Cécile Huijnen is violiste. Ze heeft een duo Huijnen & Hopman, is concertmeester van het Phion, is solist en maakt kamermuziek. Daarnaast is zij gastpanellid bij het radioprogramma Diskotabel. Cécile schrijft korte verhaaltjes over het dagelijks leven van een musicus die een kijkje in de keuken bieden. Het zijn columns met een knipoog, over vooroordelen, imago, achtergronden en de rock & roll van de klassieke muziek. Iedere twee weken op vrijdagavond kun je haar nieuwe column beluisteren op NPO Radio 4 en lezen op Classics To Go.

Mount Everest

Het verhaal gaat dat de legendarische en kettingrokende viooldocent Oskar Back tijdens het lesgeven – en vioolspelen – de as liet vallen in de F-gaten van zijn viool. Ik ben er nog steeds niet achter of het een broodjeaapverhaal is, maar níet roken was geen optie. Een asbak zoeken blijkbaar ook niet. Misschien bestond in zijn tijd het überhandige accessoire nog niet dat ik wel had: de monteerbare asbak. Die kon je aan je lessenaar vastschroeven.

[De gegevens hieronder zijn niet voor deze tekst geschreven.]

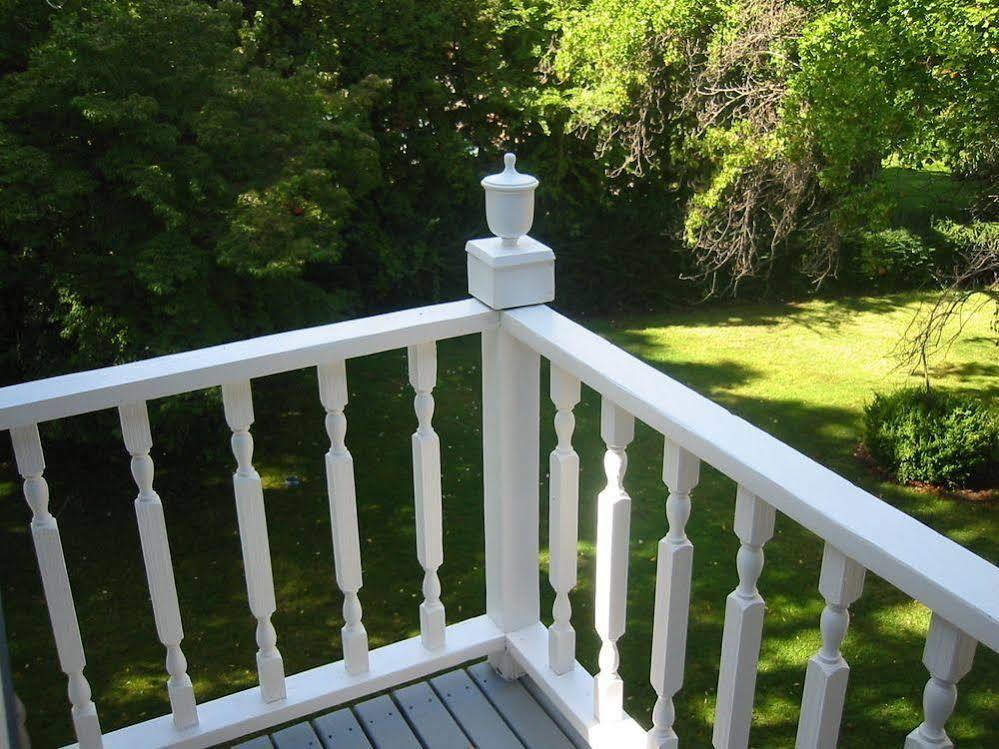 Rosedell Bed And Breakfast Yakima Buitenkant foto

Oskar Back had enorme plankenkoorts, het podium was voor hem een hel. Zijn sigarettenverslaving moet daar zijn oorsprong hebben. Hij heeft zich dan ook al vroeg volledig op het lesgeven gestort. Dat roken was nog tot daaraan toe. Menig musicus had meer nodig dan een sigaret. Violist Henryk Szeryng liep het podium niet op voordat hij een paar glazen sherry achterover had geslagen. Pianist Vladimir Horowitz was zo bang dat hij verslaafd raakte aan antidepressiva. En niet alleen beroemde solisten hebben er last van. Ik ken een orkestviolist die uit angst alleen maar achteraan durfde te zitten en zelfs voor repetities aan de genotsmiddelen ging. Een blazer uit de Berliner Philharmoniker die het concert moest beginnen met een grote solo dronk zich voor aanvang een stuk in de kraag. Hij speelde daarna als een god.

In de serie Mad Men, over een reclamebureau in de zestiger jaren, wordt vanaf de vroege ochtend de ene na de andere whisky naar binnen gegooid. Altijd vergezeld van een sigaret. Ook zwangere vrouwen drinken en paffen erop los. De relatie met stress was in die tijd geen issue, en niemand keek ervan op als een musicus een alcoholische versnapering nuttigde voordat-ie voor de leeuwen ging.

Op mijn achttiende – jaren tachtig – gaf ik mijn eerste officiële recital, in de Nieuwe Kerk in Amsterdam. Ik stond stijf van de spanning en had het gevoel dat ik de Mount Everest op moest. Van dat recital zelf herinner ik me verder niks, maar wel dat mijn docent Davina van Wely me een glas wijn gaf van tevoren. ‘Toe maar, dat ontspant.’ Mijn gedisciplineerde juf, die preekte over gezond leven en op tijd naar bed, gaf me rode wijn vlak voordat ik op moest.

De meeste musici leven gezond, mediteren of vinden een andere manier om met de torenhoge prestatiedruk om te gaan. Er zijn tegenwoordig coaches, gespecialiseerde psychologen, en zelfs de ‘Performerspoli’. Maar dat wil niet zeggen dat niemand meer iets gebruikt. Je ziet het op de Zuidas, op het Mediapark, eigenlijk overal waar de eisen bovenmenselijk zijn en de druk torenhoog is. Dus ook bij musici. Al heeft de alcohol plaats gemaakt voor de chemische variant.

Ik neem sporadisch een bètablokker. Als ik er eentje nodig heb zijn ze meestal al over de datum. Maar als je geen repetitie of concert zonder hulpmiddel kan, wordt de drempel om je angst te delen een stuk hoger. Spelen en presteren zonder gezichtsverlies is belangrijker dan toegeven dat je klem zit. Ook al mis je dat ene kleine dingetje waar het allemaal om begonnen is: in het moment zijn en genieten.